Thanks, so far so good. Man I never expected so many responses so fast.


----------



## twilight (Apr 20, 2007)

If she bites you again try "squeaking" (like a rat) really loud to startle her. I've heard it work wonders on biters.


----------



## Gobo (Mar 6, 2008)

if you have an area that has a lot of cords, like by your tvs or xbox and whatever, try just blocking off that area. you can just put bricks or something else around it to keep her from getting at them instead of individually taping the wires in that area


----------



## RoRo (Mar 10, 2008)

LOL put wire mesh around your entertainment system back ROFLH that'll keep her out.


----------



## Gobo (Mar 6, 2008)

i just ment over the wires but maybe a better idea would be to go with the wire mesh, but, instead of putting it around the system... put it around the whole living room! then oreo can have the house and it can have a people cage in it! tada! problem solved


----------



## Katherose (Nov 20, 2007)

I would advise that you NOT spray her in the face.
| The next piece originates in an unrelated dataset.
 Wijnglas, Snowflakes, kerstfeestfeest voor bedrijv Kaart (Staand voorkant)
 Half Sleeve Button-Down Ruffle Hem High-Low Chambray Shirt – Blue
Water in the eyes and ears can be harmful. Spray her back and be careful to avoid her head. I would suggest rat-proofing, though, and if you cannot do that, then you need to cage her and only have her out when you can supervise her.


----------



## Vixie (Jul 21, 2006)

Katherose said:


> Water in the eyes and ears can be harmful.


A little spritz here and there is just fine, which is why I pointedly said NOT to use the jet-stream option on most water bottles.


----------